La Maison du Management recevait le 25 mars 2021, Jean-François Lucas, sociologue de la ville numérique et de l’innovation et consultant-chercheur dans un cabinet spécialiste de l’innovation territoriale, sociale et urbaine pour découvrir le regard qu’il porte sur la ville intelligente.

Commençons par une définition. « Une ville dite « intelligente » est une ville dans laquelle le quotidien des habitants a vocation à être amélioré sur le plan environnemental, social, économique ou encore politique, par la numérisation de ses infrastructures, de ses réseaux et de ses services, et leur optimisation par le recours au Big Data. » (1)

Parler de ville intelligente, c’est donc parler d’éclairage selon les besoins, d’informations en temps réel, d’optimisation de la gestion de l’eau, de réduction des déchets, de la réduction (drastique) de la dépense énergétique, de circuits courts et même de démocratie locale avec une offre pléthorique d’outils numériques pour favoriser la concertation locale, faciliter le vote, trouver des financements participatifs, etc.

 

Mais parler de ville intelligente c’est surtout aborder des questions profondes qui relèvent d’une vision définitivement politique de la ville, de la vie. Deux questions m’ont semblée tout particulièrement passionnantes – et complexes – j’aimerais les partager avec vous avec quelques commentaires.

 

  1. Faut-il vraiment placer l’humain au cœur des villes intelligentes ? Ne s’agirait-il pas, plutôt, de mettre la nature au centre ?

Les déclarations pétries de bons sentiments pour « Placer l’humain au cœur de nos préoccupations » gangrènent le discours des organisations et n’épargnent pas les acteurs de la ville numérique. Généralement peu – ou pas – suivies d’effets, elles tiennent plus de la méthode Coué que de l’engagement réel et sincère. Après le greenwashing et le socialwashing, voici venu le temps de l’humanwhashing.

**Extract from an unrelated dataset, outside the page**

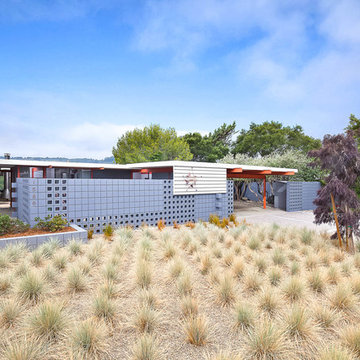 X-100 Eichler Homes, San Mateo Highlands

Mais Jean-François Lucas s’interroge, à l’heure de l’urgence climatique et de la menace qui pèse sur notre biodiversité, ne faut-il pas mettre la nature au cœur de la ville et voir en l’être humain un chainon de l’écosystème plutôt qu’un personnage central ?

 

  1. La ville intelligente peut-elle avancer sans un consensus éthique ?

La question du numérique responsable est de plus en plus souvent posée. En réalité, la notion de « responsabilité » dépasse largement le cadre du seul impact environnemental. Le numérique responsable soulève des questions liées à l’inclusion (l’accessibilité), à la sécurité (vol d’identité, de données, etc.) et à l’éthique (usage, biais, transparence).

A l’instar de la consommation responsable, le numérique responsable se définit dans la sobriété de son usage.

S’agissant de villes numériques, de premières chartes voient le jour en France comme celle de la métropole de Nantes, pour laquelle des citoyens ont émis au préalable des préconisations citoyennes pour l’usage des données dans les rues connectées (2). Elles montrent que la ville véritablement intelligente se construit grâce au pouvoir d’agir de ses acteurs.

Oui techniquement, la ville intelligente peut avancer sans un consensus éthique (les Chinois y parviennent à merveille), mais elle ne doit pas. Les expériences du passé ont montré qu’il était rarissime qu’une société fasse marche arrière. Autrement dit, tout ce qui n’a pas été réfléchi avant, ne sera pas modifié après.

 

Et Jean-François, de rappeler la nécessité de co-construire la ville en offrant à ses acteurs les capacités de discernement et de choix, des capacités opérationnelles internes aux différentes organisations ainsi que des capacités de coopération et de régulation entre elles.

Alors, qui du numérique ou des citoyens fera que la ville sera réellement intelligente ?

 

 

 

(1) Source : JF LUCAS, Pour une fabrique des imaginaires de la smart city (2018)  Études digitales, n°6, Religiosité technologique (Vol. 2), pp.53-76.

(2) https://www.iledenantes.com/decouvrez-les-preconisations-citoyennes-pour-lusage-des-donnees-dans-les-rues-connectees/

(3) www.datacites.eu

 

 

Notre expert :

 

Jean-François LUCAS : 

Sociologue consultant-chercheur chez CHRONOS // Chercheur associé au Laboratoire de sociologie urbaine (LaSUR) // École polytechnique fédérale de Lausanne (EPFL)

Jean-François Lucas est chercheur et expert en sociologie du numérique, de la sociologie urbaine, de l’urbanisme, de la sociologie des sciences et des techniques et de la sociologie de l’innovation.